La relación entre las principales figuras del Partido Acción Nacional en Guanajuato, la gobernadora Libia García Muñoz Ledo y la alcaldesa de León, Alejandra Gutiérrez, enfrenta una profunda escalada que pone a prueba la influencia del liderazgo de Jorge Romero en el estado. La controversia proviene de antiguos desencuentros políticos, ligados a aspiraciones y decisiones estratégicas en un contexto de creciente polarización interna.
Desde la elección de García Muñoz Ledo como la candidata preferida en la sucesión del exgobernador Diego Sinhue, Gutiérrez ha tenido que enfrentar obstáculos políticos, incluyendo acusaciones de posibles intentos por deslegitimar su imagen pública y de injerencia desde el gobierno estatal en decisiones administrativas y financieras de su administración. Además, existen indicios de una posible migración o desvinculación de la alcaldesa del PAN y su posible búsqueda de alianzas con otros partidos, en un escenario que refleja una fragmentación interna y una crisis de liderazgo.

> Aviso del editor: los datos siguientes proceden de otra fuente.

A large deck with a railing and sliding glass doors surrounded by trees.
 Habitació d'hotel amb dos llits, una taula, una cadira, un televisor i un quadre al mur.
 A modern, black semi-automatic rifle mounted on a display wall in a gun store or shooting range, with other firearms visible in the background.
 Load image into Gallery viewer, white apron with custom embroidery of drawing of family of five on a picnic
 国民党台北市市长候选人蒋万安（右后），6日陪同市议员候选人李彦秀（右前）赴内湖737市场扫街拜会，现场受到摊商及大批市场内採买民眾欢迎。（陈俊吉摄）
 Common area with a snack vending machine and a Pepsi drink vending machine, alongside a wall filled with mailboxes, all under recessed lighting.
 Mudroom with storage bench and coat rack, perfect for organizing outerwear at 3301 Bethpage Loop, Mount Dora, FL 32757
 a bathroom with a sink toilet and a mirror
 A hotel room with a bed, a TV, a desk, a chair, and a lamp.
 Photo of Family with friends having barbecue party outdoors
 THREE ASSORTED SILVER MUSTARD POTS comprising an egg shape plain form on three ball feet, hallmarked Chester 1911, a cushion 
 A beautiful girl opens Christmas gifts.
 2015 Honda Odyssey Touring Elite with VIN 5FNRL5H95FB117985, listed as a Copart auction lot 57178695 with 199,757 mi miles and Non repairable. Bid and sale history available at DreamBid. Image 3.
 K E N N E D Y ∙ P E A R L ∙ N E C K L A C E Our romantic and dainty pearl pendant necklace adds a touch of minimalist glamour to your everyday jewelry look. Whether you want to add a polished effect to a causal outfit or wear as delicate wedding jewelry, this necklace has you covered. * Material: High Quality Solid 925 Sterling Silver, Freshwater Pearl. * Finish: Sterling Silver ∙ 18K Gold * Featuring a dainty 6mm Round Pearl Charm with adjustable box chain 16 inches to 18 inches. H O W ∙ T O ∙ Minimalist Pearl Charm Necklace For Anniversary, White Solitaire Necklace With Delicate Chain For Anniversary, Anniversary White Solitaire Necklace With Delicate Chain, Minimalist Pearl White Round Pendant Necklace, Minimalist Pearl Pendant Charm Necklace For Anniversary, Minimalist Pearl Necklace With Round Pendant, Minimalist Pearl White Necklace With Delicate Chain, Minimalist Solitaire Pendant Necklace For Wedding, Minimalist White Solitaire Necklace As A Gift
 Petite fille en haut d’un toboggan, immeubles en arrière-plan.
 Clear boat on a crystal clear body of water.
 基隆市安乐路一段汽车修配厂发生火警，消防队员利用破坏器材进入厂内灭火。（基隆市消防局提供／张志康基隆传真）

Históricamente, Guanajuato ha sido una de las principales fortalezas del PAN, pero las disputas actuales revelan un momento de incertidumbre que puede definir la influencia del partido en la región y en próximas elecciones. Para Romero, el desafío radica en estabilizar la organización antes de eventos clave para mantener la cohesión del partido y consolidar su liderazgo en un panorama político cada vez más competitivo y fragmentado.
Este conflicto interno en el PAN de Guanajuato no solo afecta a sus figuras locales, sino que también refleja la tensión en la estrategia política del bloque opositor en un estado clave. La dinámica actual podría tener implicaciones a nivel nacional, dada la relevancia política de Guanajuato y sus liderazgos.